1927 übergab Herman Haupt seine mit großer Sorgfalt aufgebauten Sammlungen zur burschenschaftlichen, allgemeinstudentischen und hochschulgeschichtlichen Forschung dem Stadtarchiv Frankfurt am Main.

Dieses Archiv wurde von ihm mit Absicht ausgewählt, da die ehemalige Reichsstadt, später Freie Stadt, bis 1866 Sitz des Deutschen Bundes gewesen und durch den Frankfurter Wachensturm von 1833 eng mit der burschenschaftlichen Geschichte verwoben war.

Zudem wirkte am Stadtarchiv Prof. Dr. Harry Gerber (Jenaische Burschenschaft Arminia auf dem Burgkeller 1907, später auch Frankfurt-Leipziger Burschenschaft Arminia), der Gewähr für eine stetige Aufarbeitung und Betreuung bot.

Auch Paul Wentzcke, Direktor des Instituts der Elsässer und Lothringer im Reich an der Frankfurter Universität und Initiator der rheinischen 1000-Jahr-Feiern 1925, unterstützte Gerber eifrig.

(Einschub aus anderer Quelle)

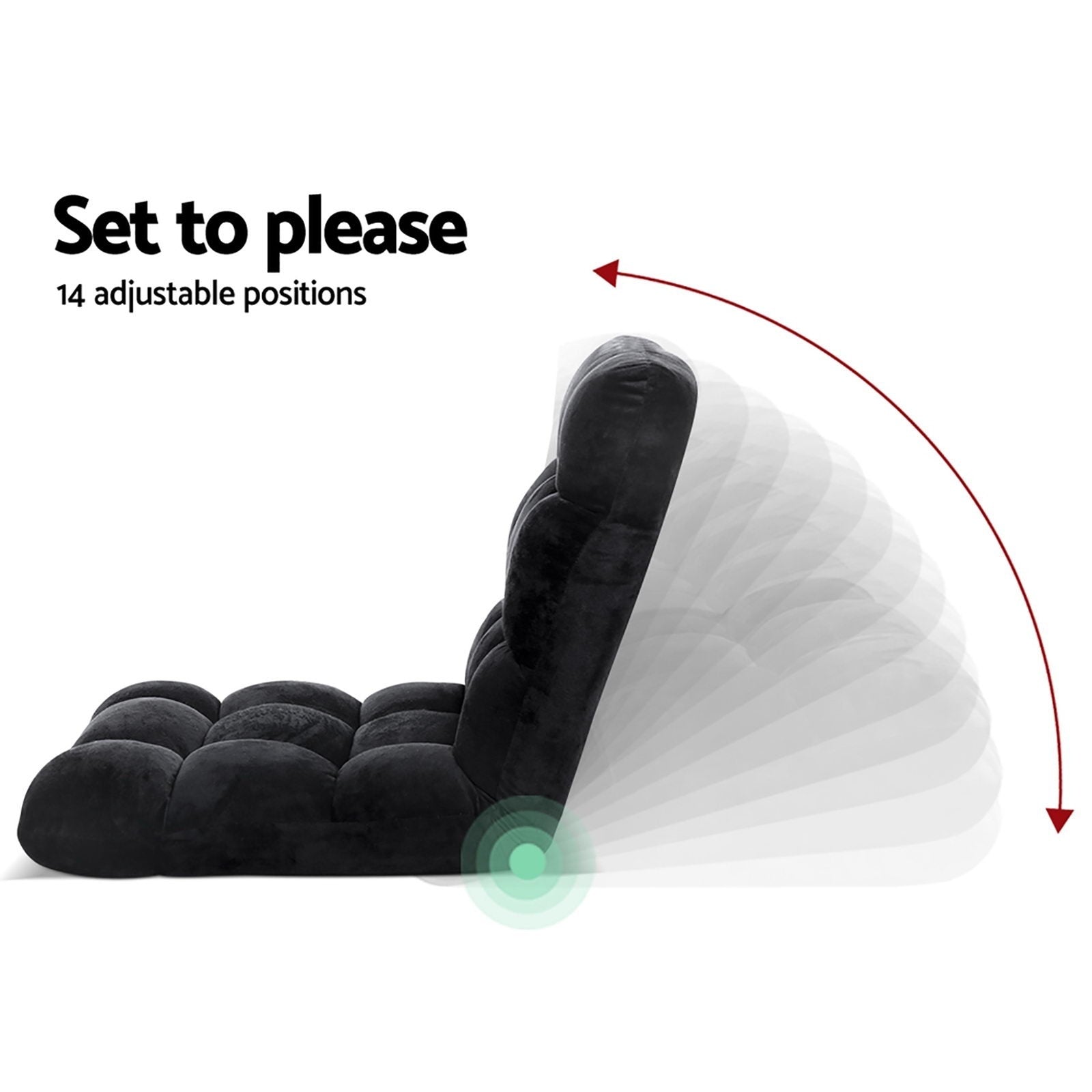 Black inflatable chair with adjustable positions on a white background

1939, vier Jahre nach der Auflösung der Deutschen Burschenschaft, wurden Archiv und Bücherei unter dem Druck der Reichsstudentenführung nach Würzburg überführt und mit der von Bibliotheksrat Carl Manfred Frommel (Corps Bremensia Göttingen 1906, Corps Starkenburgia Gießen 1931) begründeten und ausgebauten großen corpsstudentischen Sammlung vereinigt. Zukünftig sollte ein hochschulkundliches Institut mit Sitz auf der Feste Marienberg gebildet werden. Da Gerber aber privat weitersammelte, entstand im Frankfurter Stadtarchiv ein weiteres, wenn auch kleines, speziell burschenschaftliches Archiv. Es wurde während der US-amerikanischen Bombenangriffe im März 1944 weitgehend zerstört.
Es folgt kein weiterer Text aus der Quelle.